Jon Roscoe with Miller McDonald, Inc. of Bemidji reported that the city received an “unmodified” opinion on its financial statements, which according to the firm’s written report means the city’s financial statements “present fairly, in all material respects, the cash financial position of each major fund and the aggregate remaining fund information … as of Dec. 31, 2021,” as well as the city’s revenues and expenditures for that year.

Meantime, Roscoe reported, the city also received an “adverse opinion on U.S. generally accepted accounting principles,” due to the office of the state auditor permitting smaller cities to report their finances on a cash basis.

Roscoe said the auditors had no difficulties working with city staff. He noted some material adjustments had to be made, mainly relating to investments, the Nevis Trailblazers custodial fund balance and management fees that were double-counted in the water fund instead of split between water and sewer.

He noted that the sewer fund had an increase in disbursements due to the city paying off its sewer debt.
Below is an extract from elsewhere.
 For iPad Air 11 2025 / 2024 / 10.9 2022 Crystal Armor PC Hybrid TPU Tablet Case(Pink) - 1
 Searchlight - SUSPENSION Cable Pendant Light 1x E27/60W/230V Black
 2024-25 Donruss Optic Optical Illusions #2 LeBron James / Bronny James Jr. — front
The report shows the city’s actual disbursements exceeded budgeted disbursements by $85,923 in 2021.


The city had $92,000 of remaining debt at the end of the year, Roscoe said. The report noted that in 2022, the city is scheduled to pay $19,633 in bond principal plus interest as well as $13,786 in lease principal plus interest.

The report quotes the city’s net pension liability at $97,000, but Roscoe said this does not represent a cash liability. The city contributes 7.5% of covered members’ wages toward the Public Employees Retirement Association’s coordinated plan.
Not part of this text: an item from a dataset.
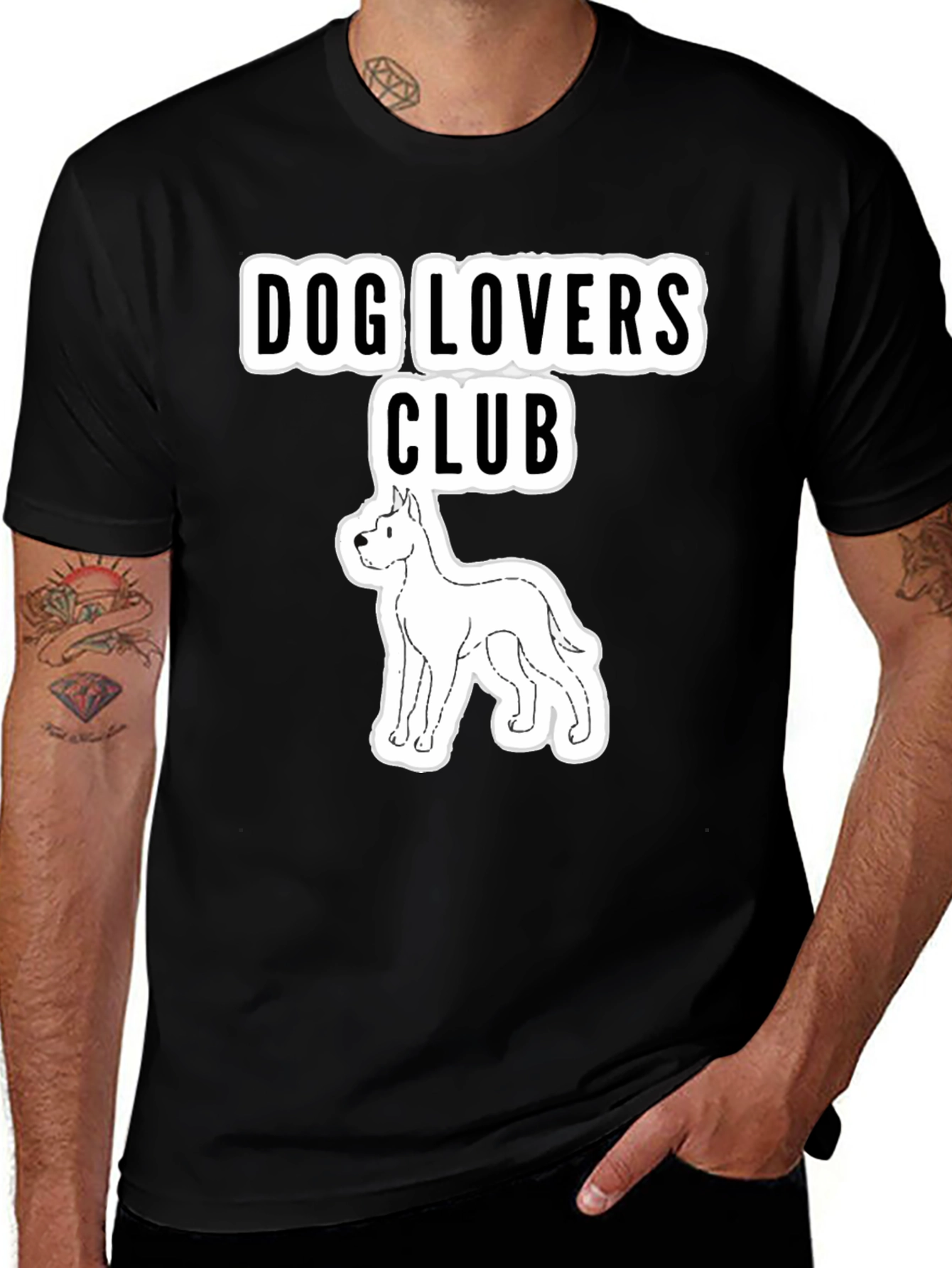 Variant 4 of Dog Lovers Club T-Shirt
Roscoe noted an increasing trend in the city’s cash position during the past few years, other than paying off its sewer debt last year.

“Typically, your disbursements are exceeding your cash,” he said, regarding five-year trends in the general fund, adding that the city balances its budget with transfers from the liquor store fund. “This year, the receipts did exceed the disbursements, but that’s only because of the proceeds for the street project.”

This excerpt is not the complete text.